After reading the book I have started to listen to the Allman Brothers more. He gives you some funny stories and you see how close that band was in the early days before Duane and Berry Oakley died. He mentions his struggles with Dickey Betts, alcohol, drugs and wives. You also read about a “foot shooting” party…

He also talks about being on stage noticing Eric Clapton among the audience. That led to the Layla sessions. Eric was a big fan of Duane’s slide playing.

You learn some history about a cover band’s travels, trials, and tribulations in the mid-1960s…youtube has a few crude recordings of the Allman Joys live in the mid-60s. Below is The Allman Joys version of Help. I would have never thought it was Gregg Allman singing.

If you are a music fan you will probably enjoy this book.

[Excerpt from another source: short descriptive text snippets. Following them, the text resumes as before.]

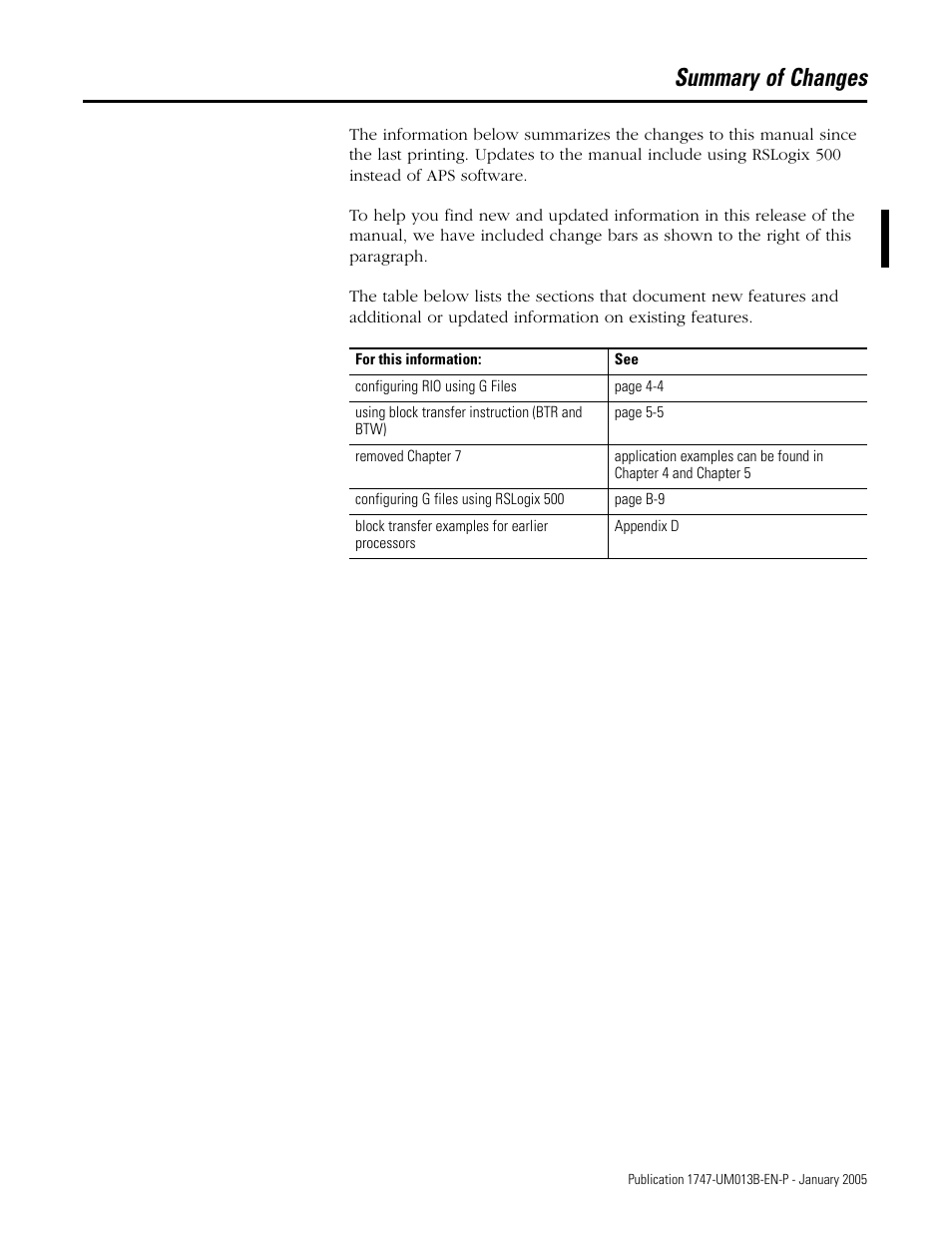 Summary of changes | Rockwell Automation 1747-SN Remote I/O Scanner User Manual | Page 3 / 171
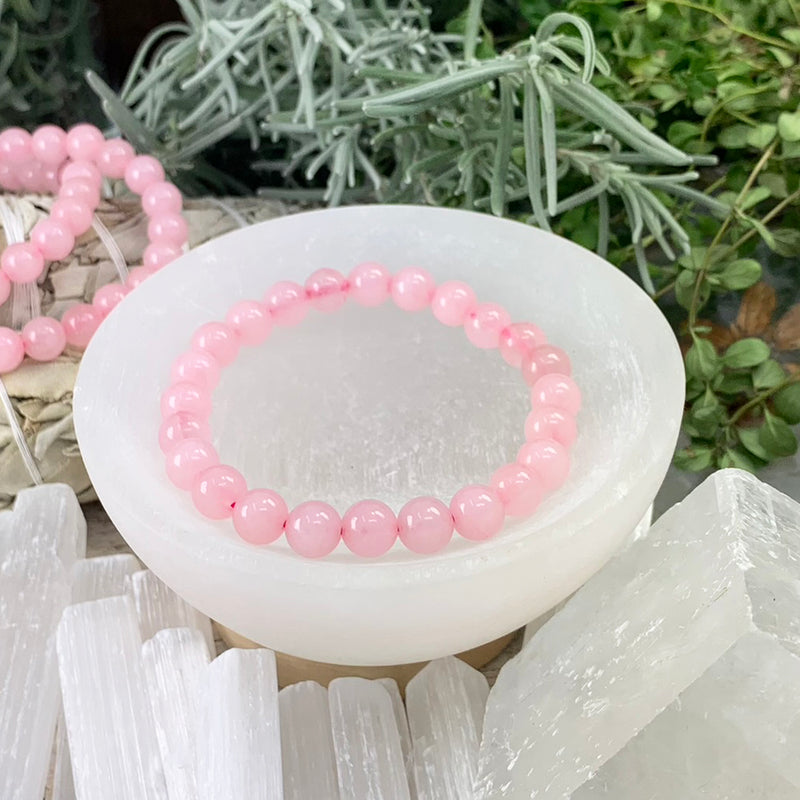 Βραχιόλι Mala Rose Quartz Με Βελούδινο Πουγκί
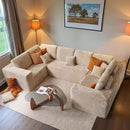 ovios Sectional Cloud Couch for Living Room, Modular Floor Sofa with Plush Corduroy, No Assembly Required, Big Comfy Couches Set with Fluffy Memory Foam, Stupendous U Shaped Sofas with Chaise, Grey by CozyNest Decor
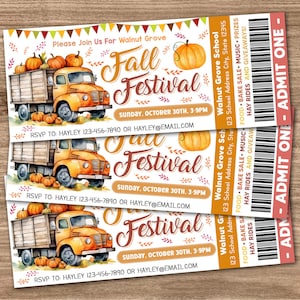 Editable Fall Harvest Festival Ticket Invite, Fall Event Party Ticket Template, Autumn School Church Community Fall Harvest Invitation Flyer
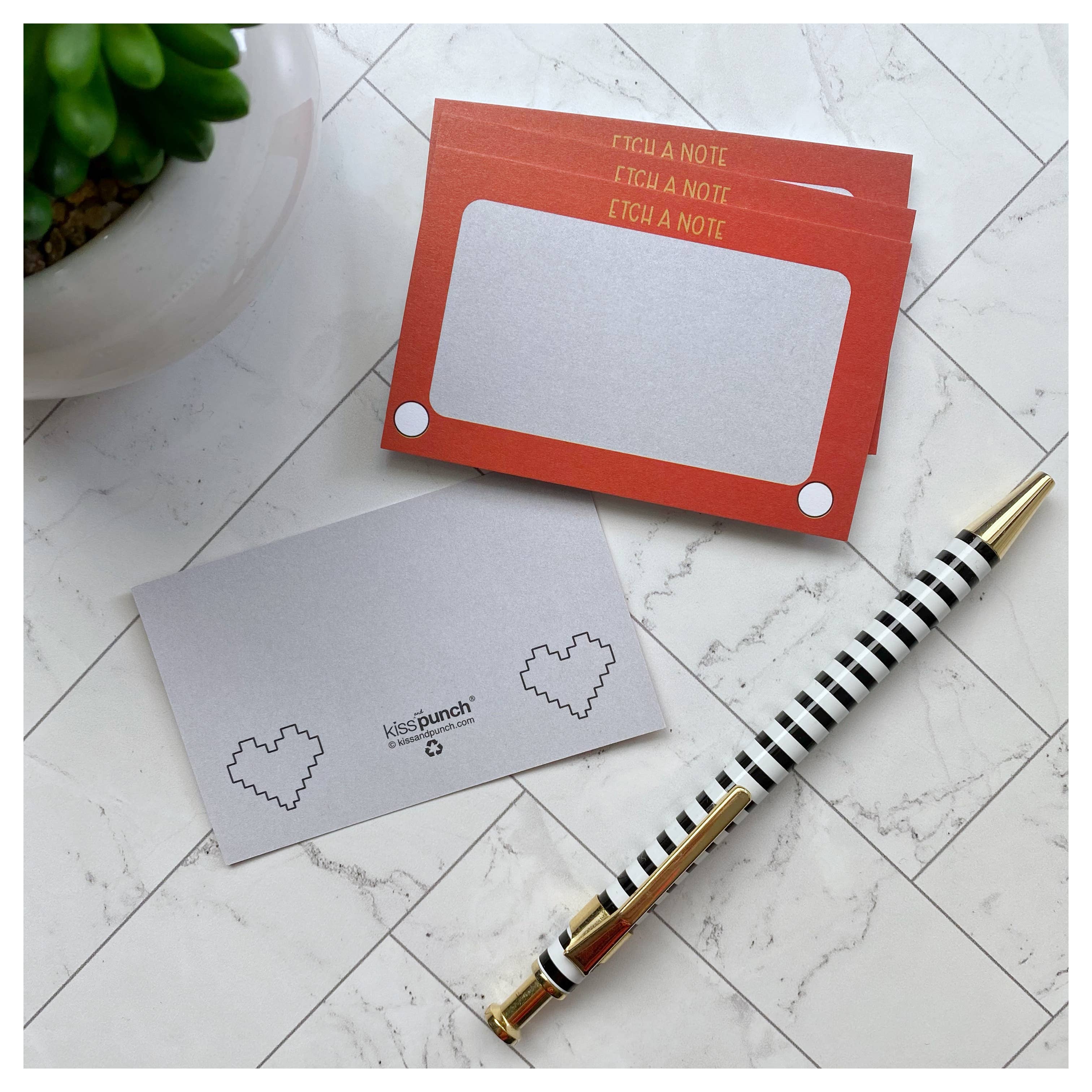 Kiss and Punch - Etch a Note Minis™ - Flat Notecard Set of 60 - 80s GenX Kid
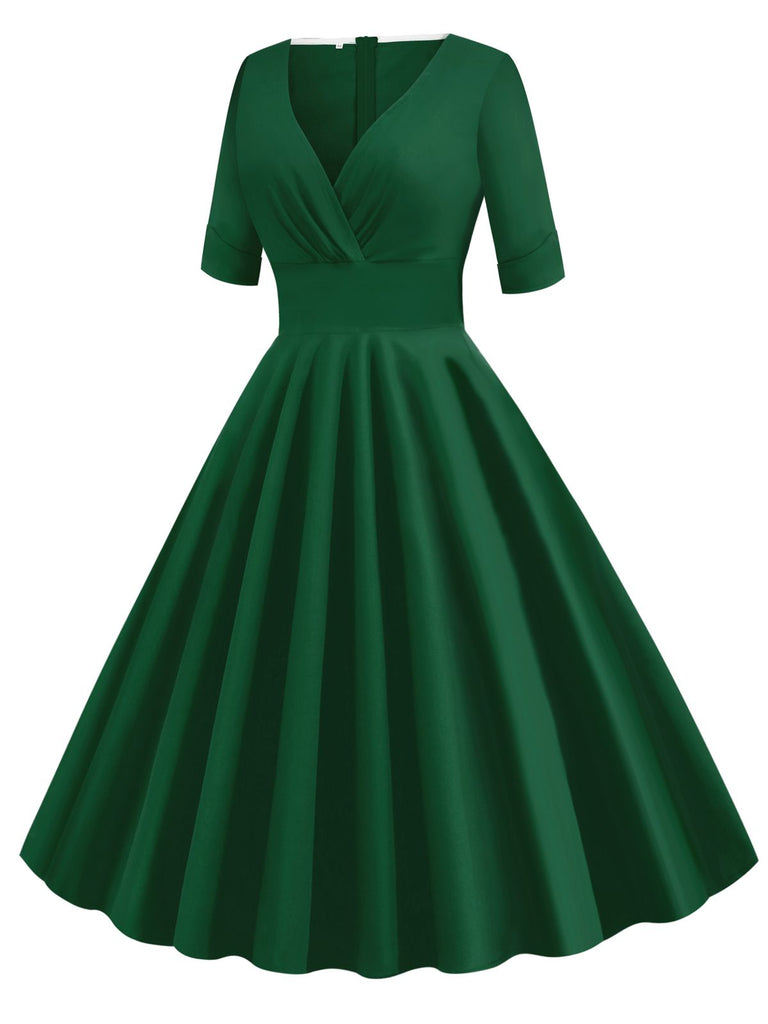 Grün 1950ER HOHE TAILLE V-AUSSCHNITT SWING KLEID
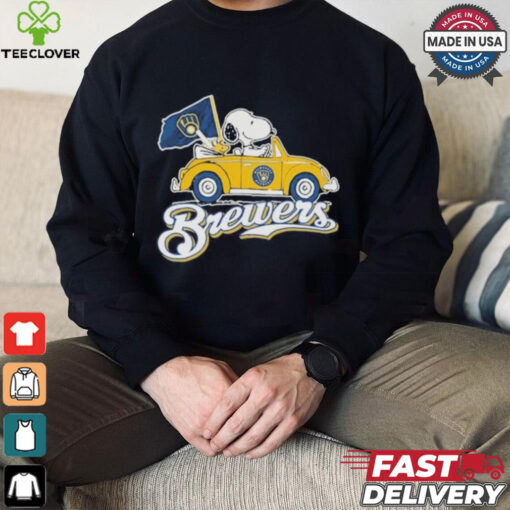 Peanuts Snoopy And Woodstock X Milwaukee Brewers October Driving Car Shirt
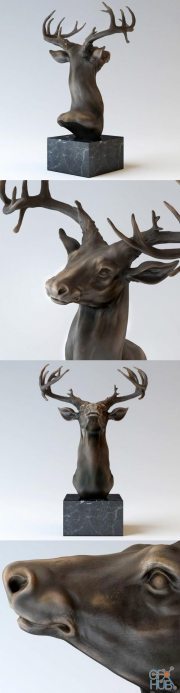 Bronze Sculpture & Head of a Deer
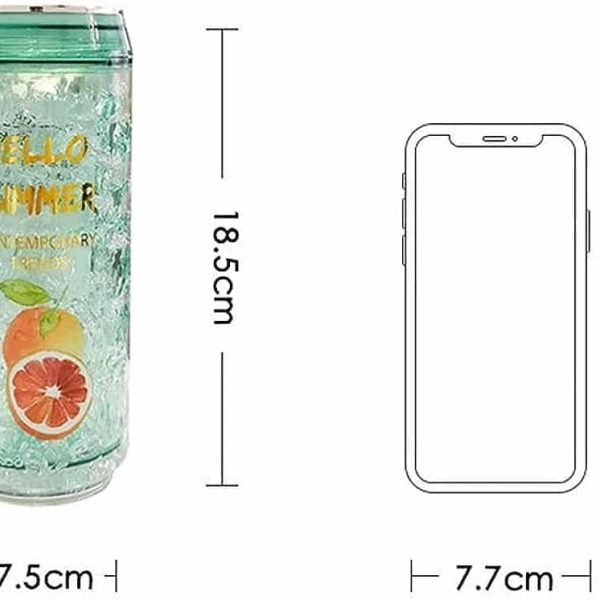 Alternative view of Crushed Ice Design Pop Cans with Straw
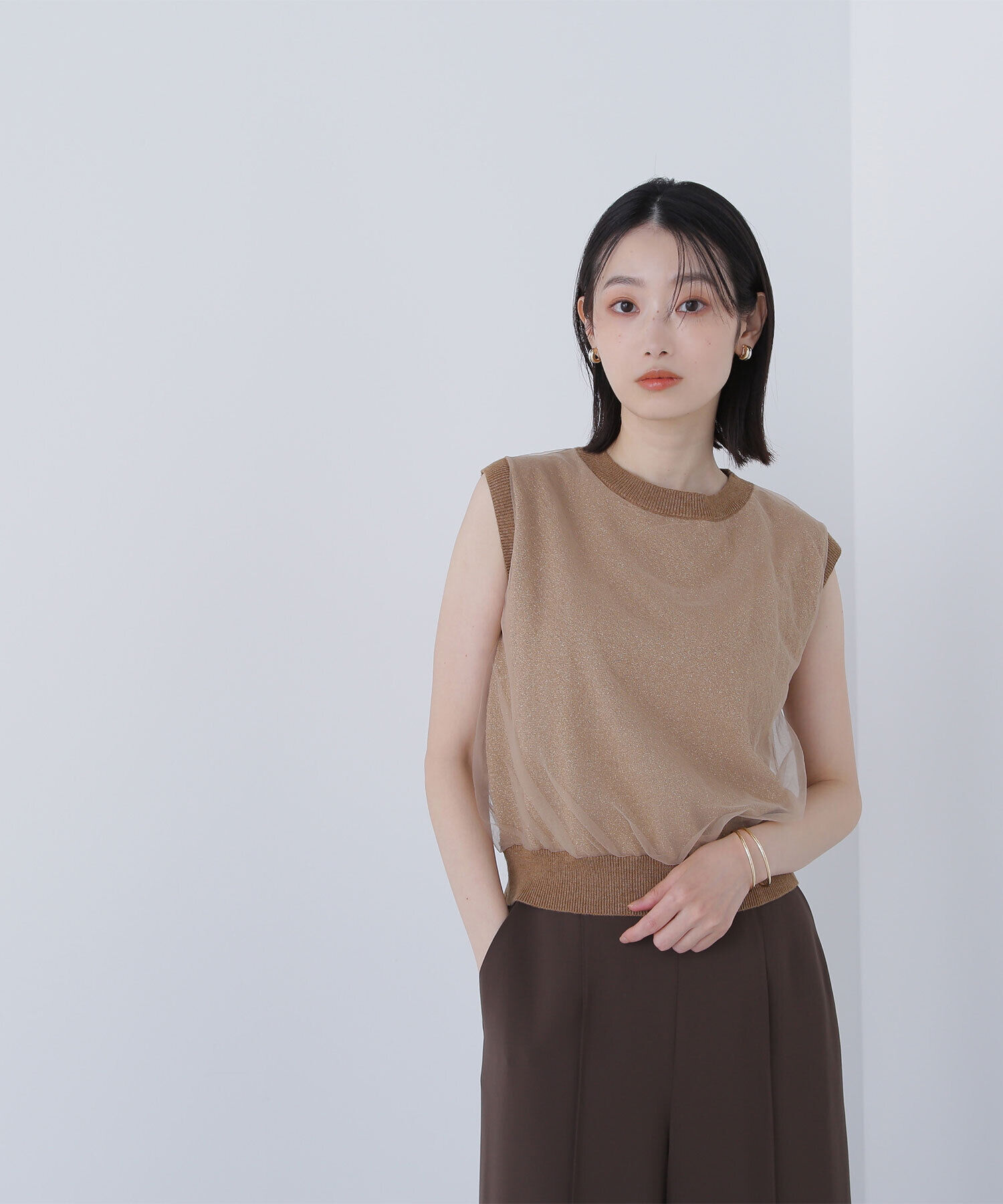  「チュールレイヤードニット」|ニット・セーター|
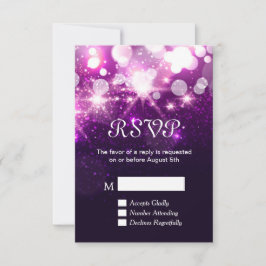 Carte RSVP - Paillettes de Strass Violet Tendance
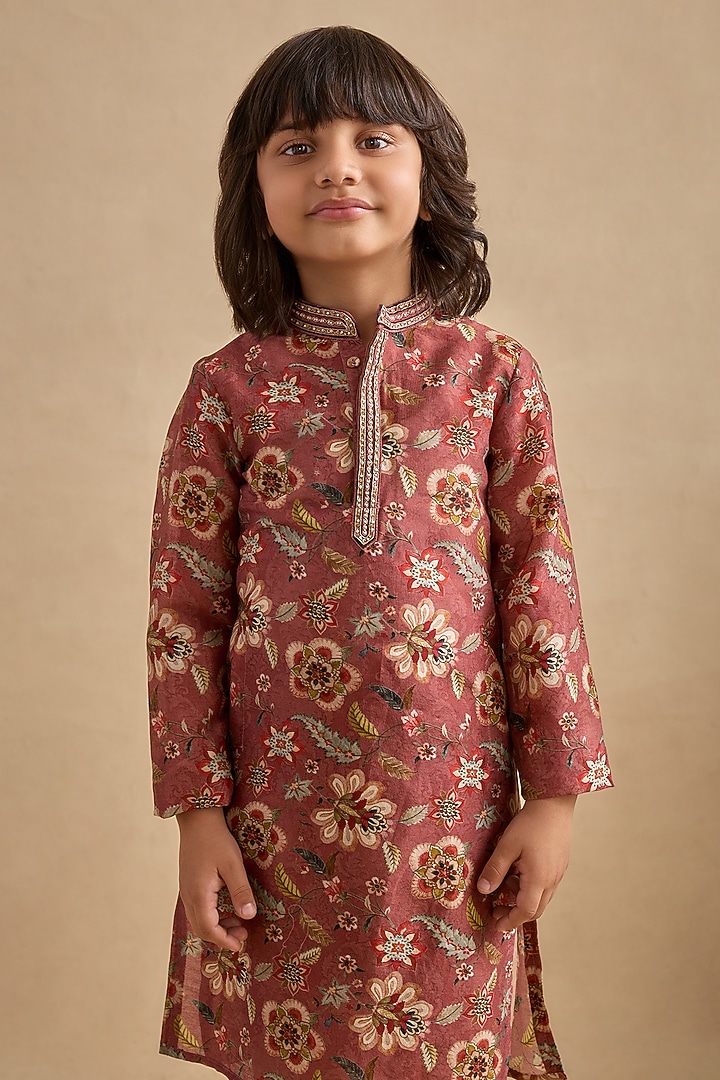 Chestnut Handwoven Chanderi Chintz Printed Kurta Set For Boys by Kalista kids at Pernia's Pop Up Shop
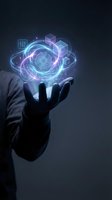 Businessman hand holding futuristic holographic cloud computing technology with glowing data cubes and digital interface elements for innovation concepts.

Help by the Allman Joys in 1966 is the opening song.

Adam 12

I watched this in syndication in the mid-seventies. I never thought much of it at the time. When I started to watch it as an adult I was surprised at how good this show was. I couldn’t believe how realistic it was for that time. They covered subjects like child pornography, drug addiction, and everything else criminally related.

It was on 7 seasons from 1968 through 1975.

Sometimes as an adult and you watch shows or movies you did as a kid you think wow…how did I like this? Now I’m thinking why didn’t I like it more?

The show starred Martin Milner as Officer Pete Malloy and Kent McCord as Officer Jim Reed. The show was created by Jack Webb and Robert Cinader. The pair also created a spinoff from Adam-12…Emergency. Jack Webb also created Dragnet.

They wanted to capture a typical day in the life of a police officer. There was no Dirty Harry on this force. These officers went by the book even if it would have benefitted them at times not to.

Some of the guest stars were… Tony Dow, Willie Aimes, Ed Begley Jr, Karen Black, David Cassidy, Micky Dolenz, Tim Matheson, Ozzie Nelson and many others. It was odd seeing Robert Donner…who played Yancy Tucker on The Waltons a few years later…playing a heroin addict-informant.

The episodes were written around actual police cases to add some realism. The showed all that the censors would allow.

Reed is happily married and Malloy is the happy bachelor. The interplay seems natural and not forced. The one big thing I like about the show is the continuity from beginning to end. You see a raw rookie in Jim Reed and Malloy slowing training him up and eventually both becoming friends as seasons past by.